Classify handwritten digits with Keras (MXNet backend)

Download the MNIST dataset from Internet
Preprocessing the dataset
Softmax Regression
A small Convolutional Neural Network



In [ ]:

    
import numpy as np
import matplotlib.pyplot as plt
%matplotlib inline
import seaborn as sns
sns.set()
import pandas as pd
import sklearn
import os
import requests
from tqdm._tqdm_notebook import tqdm_notebook
import tarfile

1. Download the MNIST dataset from Internet

I've made the dataset into a zipped tar file. You'll have to download it now.



In [ ]:

    
def download_file(url,file):
    # Streaming, so we can iterate over the response.
    r = requests.get(url, stream=True)

    # Total size in bytes.
    total_size = int(r.headers.get('content-length', 0)); 
    block_size = 1024
    wrote = 0 
    with open(file, 'wb') as f:
        for data in tqdm_notebook(r.iter_content(block_size), total=np.ceil(total_size//block_size) , unit='KB', unit_scale=True):
            wrote = wrote  + len(data)
            f.write(data)
    if total_size != 0 and wrote != total_size:
        print("ERROR, something went wrong") 

url = "https://github.com/chi-hung/PythonTutorial/raw/master/datasets/mnist.tar.gz"
file = "mnist.tar.gz"
print('Retrieving the MNIST dataset...')
download_file(url,file)
print('Extracting the MNIST dataset...')
tar = tarfile.open(file)
tar.extractall()
tar.close()
print('Completed fetching the MNIST dataset.')



In [ ]:

10 folders of images will be extracted from the downloaded tar file.

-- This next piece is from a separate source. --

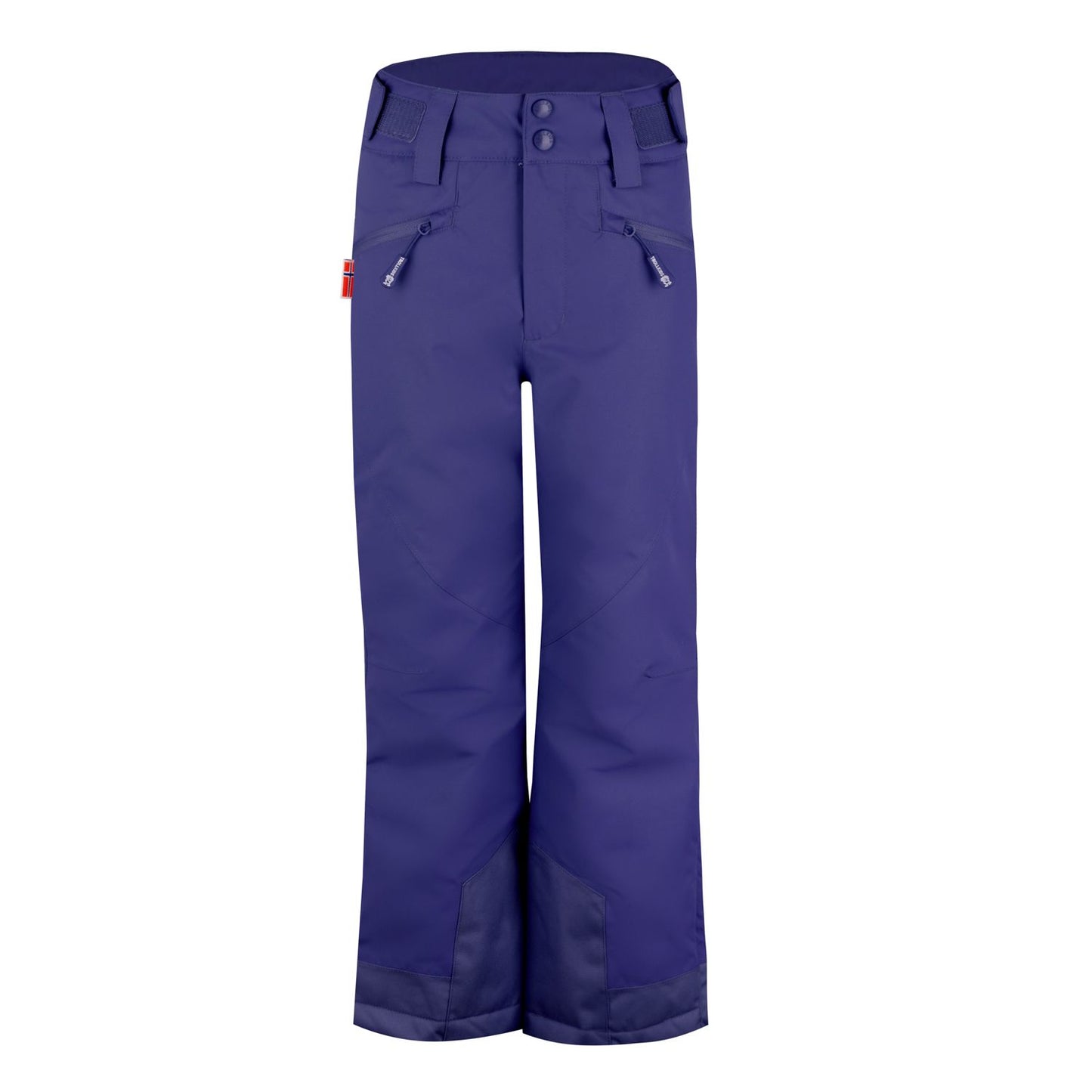 Trollkids Schneehose Rauland, dark purple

2. Preprocessing the dataset



In [ ]:

    
def filePathsGen(rootPath):
    paths=[]
    dirs=[]
    for dirPath,dirNames,fileNames in os.walk(rootPath):
        for fileName in fileNames:
            fullPath=os.path.join(dirPath,fileName)
            paths.append((int(dirPath[len(rootPath) ]),fullPath))
        dirs.append(dirNames)
    return dirs,paths



In [ ]:

    
dirs,paths=filePathsGen('mnist/') # load the image paths
dfPath=pd.DataFrame(paths,columns=['class','path']) # save image paths as a Pandas DataFrame
dfPath.head(5) # see the first 5 paths of the DataFrame

How many digit classes & how many figures belong to each of the classes?



In [ ]:

    
dfCountPerClass=dfPath.groupby('class').count()
dfCountPerClass.rename(columns={'path':'amount of figures'},inplace=True)
dfCountPerClass.plot(kind='bar',rot=0)

Split the image paths into train($70\%$), val($15\%$), test($15\%$)



In [ ]:

    
train=dfPath.sample(frac=0.7) # sample 70% data to be the train dataset
test=dfPath.drop(train.index) # the rest 30% are now the test dataset

# take 50% of the test dataset as the validation dataset
val=test.sample(frac=1/2)
test=test.drop(val.index)

# let's check the length of the train, val and test dataset.
print('number of all figures = {:10}.'.format(len(dfPath)))
print('number of train figures= {:9}.'.format(len(train)))
print('number of val figures= {:10}.'.format(len(val)))
print('number of test figures= {:9}.'.format(len(test)))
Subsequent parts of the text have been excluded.